Comments (Archived):

  1. sixty-five

    I am quite in awe of your talents as a mom; it’s partly what keeps me reading the blog. But the R&R is well-deserved. Enjoy it!

  2. jonathan

    We adore having our children around, but this child-less couple of weeks is really special for us. It is a preview into when you and your husband have finished the job of raising your kids and they can begin their search for the next big thing.

    “….The last couple of years it has become a pleasure taking a hiatus from the work world…..”

    It doesn’t sound like you have taken a hiatus from anything. It does sound like you miss the satisfaction of earning the money which you spend as you see fit. My wife works part-time in medicine and enjoys the independence (primarily from my prying budget eyes) it gives her. But it doesn’t give her the time to do the volunteer work you do (and I think she would like to) and still raise a family in Manhattan (or anywhere else, I suppose). The grass is always greener….

  3. scott partee

    I couldn’t agree with your statement more. I have a hard time being appreciative enough of my wife and how hard she works — and we only have *one* kid (for now – second due in a couple months).

    But I think being a mom is even *harder* than a full time job. For one thing: it never stops. There’s no leaving the office. Ever. Truly overwhelming workload.

  4. Susan

    Ah yes!! I can always count on you to put into words the feelings I often have. The things we do everyday seem so miniscule, from breakfast (my daughter just said “I’ll have the usual weekend breakfast,” would anyone else know what that is??)to calming the mini meltdown of a son in the pet store over a beta fish! It becomes so much a part of us that it doesn’t feel like we are “doing.” But it takes it’s toll and when my husband and I collapse together on the couch, just relaxing, I feel the exhaustion! I also thought things would get easier, but after holding my 3 month old niece the other day, I thought, my God, THIS was nothing!
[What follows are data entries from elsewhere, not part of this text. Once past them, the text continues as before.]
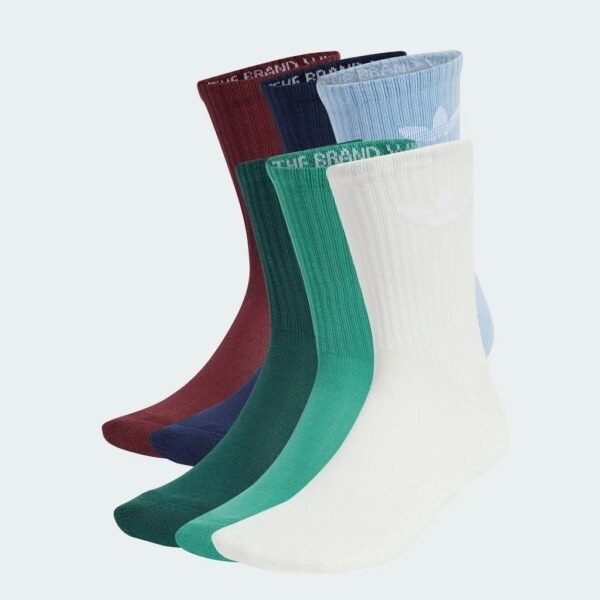 adidas ไลฟ์สไตล์ ถุงเท้าความยาวครึ่งแข้ง Trefoil Cushion (6 คู่) Unisex  JI9504 - Image 3
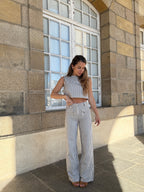 Pantalón Rayas Marineras Azules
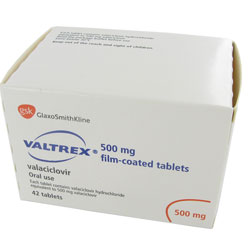Boite de Valtrex 42 comprimés 500 mg valaciclovir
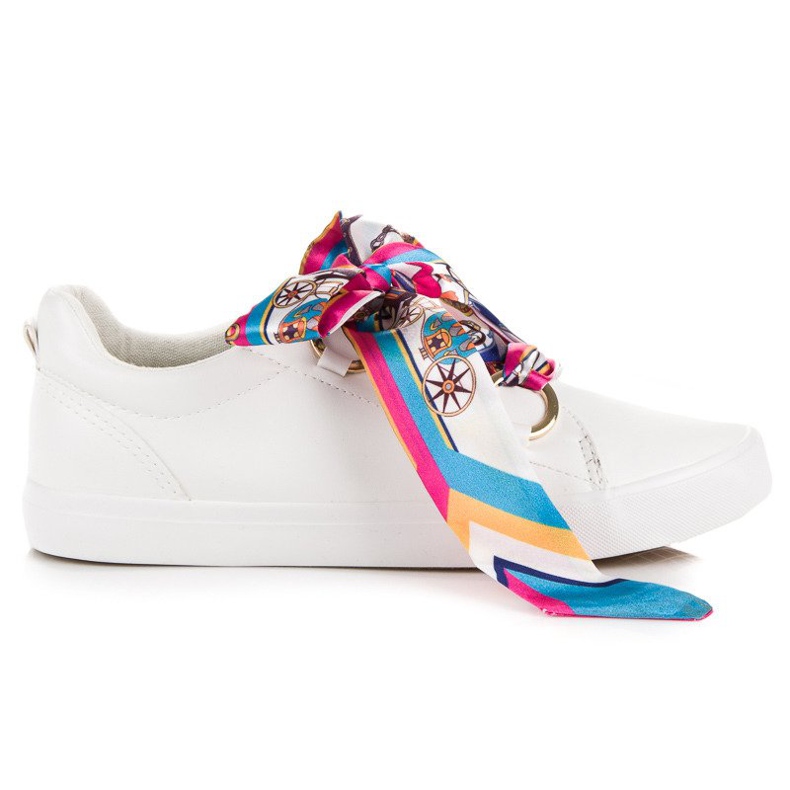 Vices Fehér megkötött tornacipő satu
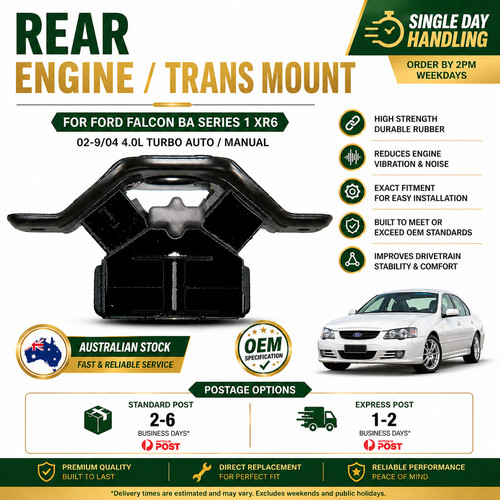 Engine transmission mount rear - engine/transmission,
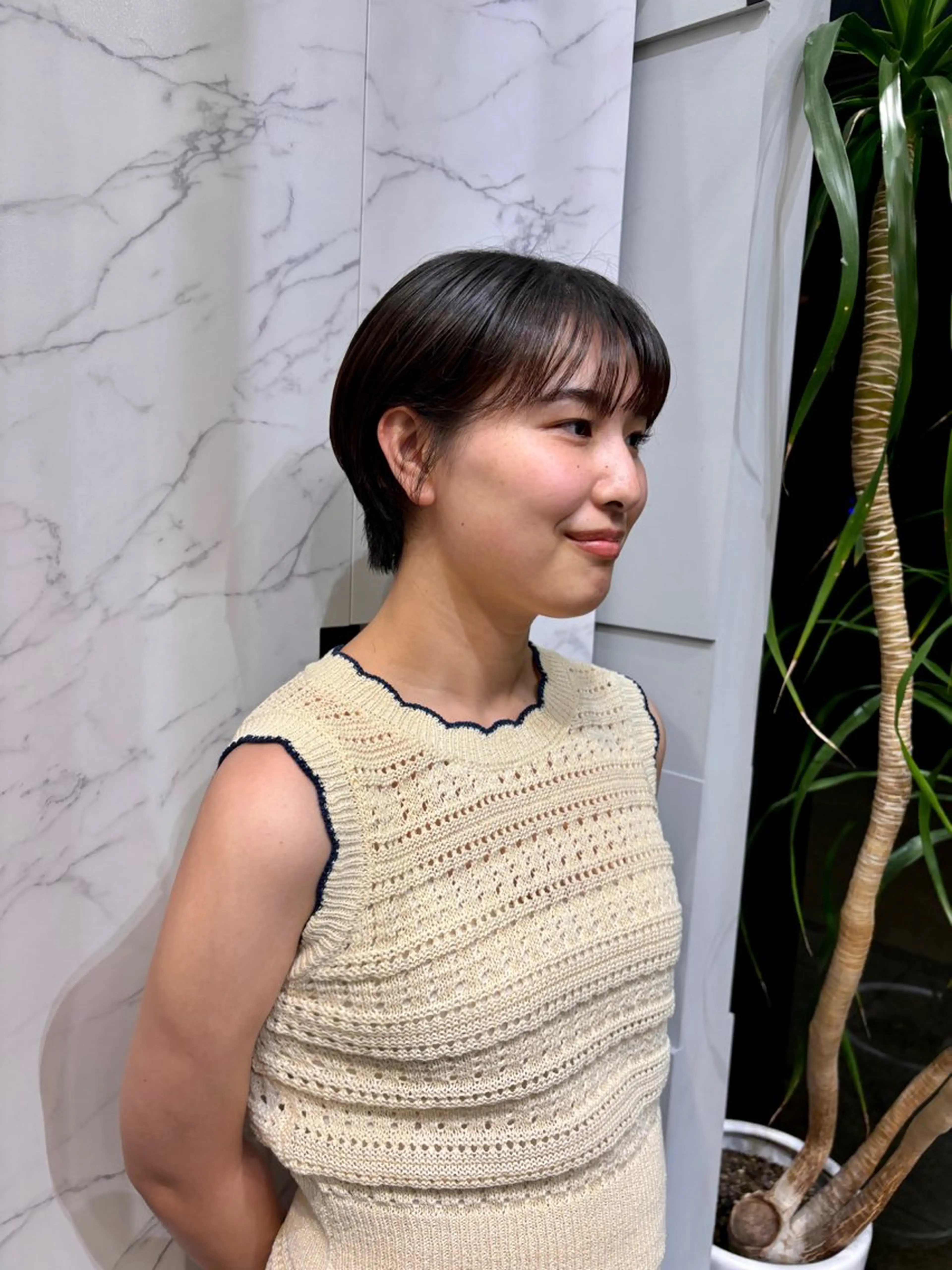 ショート miu /透明感カラーのヘアスタイル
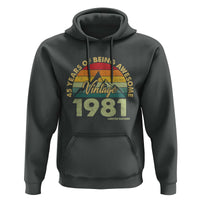 45th Birthday Hoodie Vintage 1981 Limited Edition 45 Year Old Gift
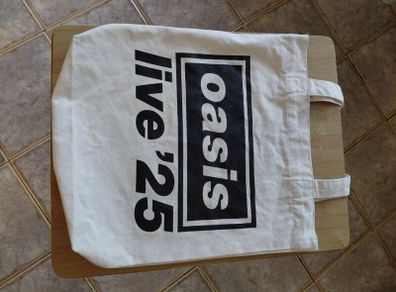 oasis London tote bag + hat + pins + wrist band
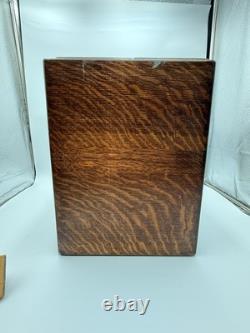 Rare Size Vintage 4 Drawer Wooden Card Catalog File Cabinet Library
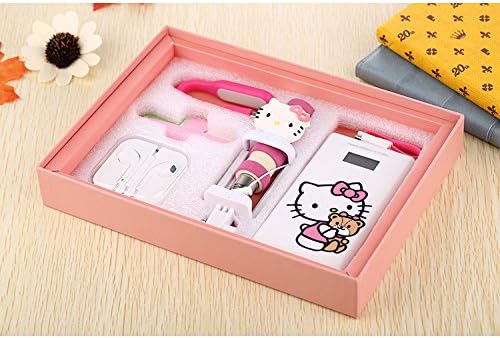 Mobile Power Box Set, Universal 20000mah Ultra Slim Power Bank Dual USB Portable Charger External Battery Pack for Iphone Ipad Samsung Galaxy Cell Phones and Tablets (Hello Kitty)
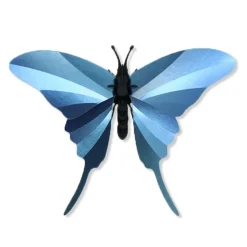 Assembli Trophée Origami Papillon Swordtail - Bleu Azur > Enfant Décorations Enfant|Art Mural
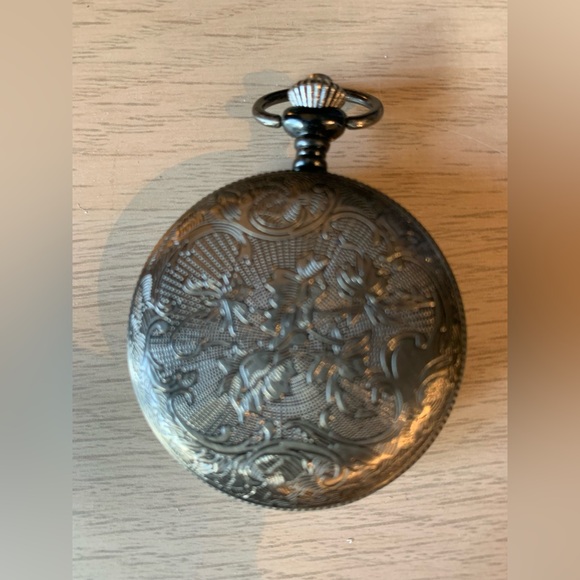 Vintage steampunk metal pocket watch - Picture 2 of 3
Take me back! Now with adolescence approaching and sports and homework, they need me so much more. But of course I am beyond happy to do it, I could not turn myself away for anything! Thank you for a wonderful post.

  5. Laura

    I am never bored. That’s my problem. I just don’t get bored…..I find that there are not enough hours in the day to do the things I want to do for myself as I raise these teens. I honestly don’t know where work would fit in right now. There are still so many things I want to do that I don’t feel I have time to do, and I’m not working 40 hours a week outside the house.

    I think it’s excellent modeling to teach these teens how to cultivate their own interests and to learn to keep their personal interests at the center of their lives – always. Work may not always be fulfilling.

    Work can be great….and I feel someday I’ll probably want to spend some of my time doing that again….but my brain is so happy right now. And you know what? It’s ok to be happy. No need to apologize for being happy at home right now. Not everyone knows how to figure that out. It’s as much of a skill as finding fulfilling work outside of the home.

  6. fred

    a job is just a job.

    a mom is so much more



  7. Rachel

    I am 26 years old, with no kids yet – I am in awe of what a fantastic mom you are (just from reading your blog)…believe me I am way MORE in awe of you being a fantastic mom than if you were a high powered exec or CEO…this is much harder, neater and more creative. I think you rock.

  8. Katherine

    i love reading your blog, and as someone who has one young child, i am always interested in hearing more about parenting experiences from people who have have older kids and have great relationships with their kids, as well as having confident, happy, well adjusted kids (as you obviously do).. There’s obviously a lot of parenting books out there, but perhaps when you are ready for some next “job” you could find a clever and useful way of writing about your collected parenting experiences to share with the rest of us?